* [Your task]:
Go through the entries below and write each one out exactly.

* [Extracted records]:

━━━━━━

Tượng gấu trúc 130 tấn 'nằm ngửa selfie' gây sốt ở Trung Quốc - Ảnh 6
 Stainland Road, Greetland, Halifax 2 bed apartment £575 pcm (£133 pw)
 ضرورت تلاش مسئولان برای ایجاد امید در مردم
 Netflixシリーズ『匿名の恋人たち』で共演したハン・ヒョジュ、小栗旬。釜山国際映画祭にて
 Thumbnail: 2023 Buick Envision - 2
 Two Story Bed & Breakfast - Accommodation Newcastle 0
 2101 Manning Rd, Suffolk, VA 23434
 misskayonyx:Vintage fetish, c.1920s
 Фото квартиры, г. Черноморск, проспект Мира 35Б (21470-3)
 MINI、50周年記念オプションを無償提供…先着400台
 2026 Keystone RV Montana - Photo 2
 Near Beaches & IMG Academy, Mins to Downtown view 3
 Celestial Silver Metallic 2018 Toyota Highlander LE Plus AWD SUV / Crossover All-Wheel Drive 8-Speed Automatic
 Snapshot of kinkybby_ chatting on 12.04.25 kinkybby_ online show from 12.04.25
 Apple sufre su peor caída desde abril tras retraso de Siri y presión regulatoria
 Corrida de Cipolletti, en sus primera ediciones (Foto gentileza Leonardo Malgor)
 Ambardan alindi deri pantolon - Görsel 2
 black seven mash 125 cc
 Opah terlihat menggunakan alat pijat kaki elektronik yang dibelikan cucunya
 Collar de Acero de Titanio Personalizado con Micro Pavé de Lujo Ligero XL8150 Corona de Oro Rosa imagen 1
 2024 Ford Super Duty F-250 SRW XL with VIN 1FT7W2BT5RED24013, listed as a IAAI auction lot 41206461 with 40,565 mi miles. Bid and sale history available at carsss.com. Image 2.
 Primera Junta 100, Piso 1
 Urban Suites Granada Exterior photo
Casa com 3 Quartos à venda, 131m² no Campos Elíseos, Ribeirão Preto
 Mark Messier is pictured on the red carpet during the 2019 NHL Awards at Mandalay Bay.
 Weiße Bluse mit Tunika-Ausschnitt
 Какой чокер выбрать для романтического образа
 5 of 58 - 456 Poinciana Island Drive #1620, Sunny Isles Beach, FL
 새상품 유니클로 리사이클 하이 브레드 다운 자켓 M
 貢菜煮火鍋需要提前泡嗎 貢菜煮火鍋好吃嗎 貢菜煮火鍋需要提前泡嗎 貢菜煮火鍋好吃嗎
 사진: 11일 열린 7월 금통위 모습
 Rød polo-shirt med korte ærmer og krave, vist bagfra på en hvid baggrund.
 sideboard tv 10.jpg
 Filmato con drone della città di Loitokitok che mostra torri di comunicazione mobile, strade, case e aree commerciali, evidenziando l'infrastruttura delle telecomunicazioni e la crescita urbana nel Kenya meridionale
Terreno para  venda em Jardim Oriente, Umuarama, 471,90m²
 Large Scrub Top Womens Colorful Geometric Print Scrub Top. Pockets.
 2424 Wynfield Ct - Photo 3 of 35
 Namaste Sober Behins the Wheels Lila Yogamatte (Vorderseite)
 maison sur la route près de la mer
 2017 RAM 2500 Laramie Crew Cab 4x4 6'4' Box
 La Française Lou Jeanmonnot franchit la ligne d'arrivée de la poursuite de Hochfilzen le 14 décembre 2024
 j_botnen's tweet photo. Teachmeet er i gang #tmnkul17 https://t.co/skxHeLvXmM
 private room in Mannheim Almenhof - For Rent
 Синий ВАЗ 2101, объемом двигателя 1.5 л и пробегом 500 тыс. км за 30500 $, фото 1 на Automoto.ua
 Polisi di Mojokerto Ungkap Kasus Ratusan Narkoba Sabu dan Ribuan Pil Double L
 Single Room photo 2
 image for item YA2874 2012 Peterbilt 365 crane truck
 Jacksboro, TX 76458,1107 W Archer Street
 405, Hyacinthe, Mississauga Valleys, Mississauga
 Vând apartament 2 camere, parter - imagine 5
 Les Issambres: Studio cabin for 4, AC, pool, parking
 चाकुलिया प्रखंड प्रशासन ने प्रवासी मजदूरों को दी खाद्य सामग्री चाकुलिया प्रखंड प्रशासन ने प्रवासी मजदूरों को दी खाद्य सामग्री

━━━━━━

* [Exercise result]:
Tượng gấu trúc 130 tấn 'nằm ngửa selfie' gây sốt ở Trung Quốc - Ảnh 6
 Stainland Road, Greetland, Halifax 2 bed apartment £575 pcm (£133 pw)
 ضرورت تلاش مسئولان برای ایجاد امید در مردم
 Netflixシリーズ『匿名の恋人たち』で共演したハン・ヒョジュ、小栗旬。釜山国際映画祭にて
 Thumbnail: 2023 Buick Envision - 2
 Two Story Bed & Breakfast - Accommodation Newcastle 0
 2101 Manning Rd, Suffolk, VA 23434
 misskayonyx:Vintage fetish, c.1920s
 Фото квартиры, г. Черноморск, проспект Мира 35Б (21470-3)
 MINI、50周年記念オプションを無償提供…先着400台
 2026 Keystone RV Montana - Photo 2
 Near Beaches & IMG Academy, Mins to Downtown view 3
 Celestial Silver Metallic 2018 Toyota Highlander LE Plus AWD SUV / Crossover All-Wheel Drive 8-Speed Automatic
 Snapshot of kinkybby_ chatting on 12.04.25 kinkybby_ online show from 12.04.25
 Apple sufre su peor caída desde abril tras retraso de Siri y presión regulatoria
 Corrida de Cipolletti, en sus primera ediciones (Foto gentileza Leonardo Malgor)
 Ambardan alindi deri pantolon - Görsel 2
 black seven mash 125 cc
 Opah terlihat menggunakan alat pijat kaki elektronik yang dibelikan cucunya
 Collar de Acero de Titanio Personalizado con Micro Pavé de Lujo Ligero XL8150 Corona de Oro Rosa imagen 1
 2024 Ford Super Duty F-250 SRW XL with VIN 1FT7W2BT5RED24013, listed as a IAAI auction lot 41206461 with 40,565 mi miles. Bid and sale history available at carsss.com. Image 2.
 Primera Junta 100, Piso 1
 Urban Suites Granada Exterior photo
Casa com 3 Quartos à venda, 131m² no Campos Elíseos, Ribeirão Preto
 Mark Messier is pictured on the red carpet during the 2019 NHL Awards at Mandalay Bay.
 Weiße Bluse mit Tunika-Ausschnitt
 Какой чокер выбрать для романтического образа
 5 of 58 - 456 Poinciana Island Drive #1620, Sunny Isles Beach, FL
 새상품 유니클로 리사이클 하이 브레드 다운 자켓 M
 貢菜煮火鍋需要提前泡嗎 貢菜煮火鍋好吃嗎 貢菜煮火鍋需要提前泡嗎 貢菜煮火鍋好吃嗎
 사진: 11일 열린 7월 금통위 모습
 Rød polo-shirt med korte ærmer og krave, vist bagfra på en hvid baggrund.
 sideboard tv 10.jpg
 Filmato con drone della città di Loitokitok che mostra torri di comunicazione mobile, strade, case e aree commerciali, evidenziando l'infrastruttura delle telecomunicazioni e la crescita urbana nel Kenya meridionale
Terreno para  venda em Jardim Oriente, Umuarama, 471,90m²
 Large Scrub Top Womens Colorful Geometric Print Scrub Top. Pockets.
 2424 Wynfield Ct - Photo 3 of 35
 Namaste Sober Behins the Wheels Lila Yogamatte (Vorderseite)
 maison sur la route près de la mer
 2017 RAM 2500 Laramie Crew Cab 4x4 6'4' Box
 La Française Lou Jeanmonnot franchit la ligne d'arrivée de la poursuite de Hochfilzen le 14 décembre 2024
 j_botnen's tweet photo. Teachmeet er i gang #tmnkul17 https://t.co/skxHeLvXmM
 private room in Mannheim Almenhof - For Rent
 Синий ВАЗ 2101, объемом двигателя 1.5 л и пробегом 500 тыс. км за 30500 $, фото 1 на Automoto.ua
 Polisi di Mojokerto Ungkap Kasus Ratusan Narkoba Sabu dan Ribuan Pil Double L
 Single Room photo 2
 image for item YA2874 2012 Peterbilt 365 crane truck
 Jacksboro, TX 76458,1107 W Archer Street
 405, Hyacinthe, Mississauga Valleys, Mississauga
 Vând apartament 2 camere, parter - imagine 5
 Les Issambres: Studio cabin for 4, AC, pool, parking
 चाकुलिया प्रखंड प्रशासन ने प्रवासी मजदूरों को दी खाद्य सामग्री चाकुलिया प्रखंड प्रशासन ने प्रवासी मजदूरों को दी खाद्य सामग्री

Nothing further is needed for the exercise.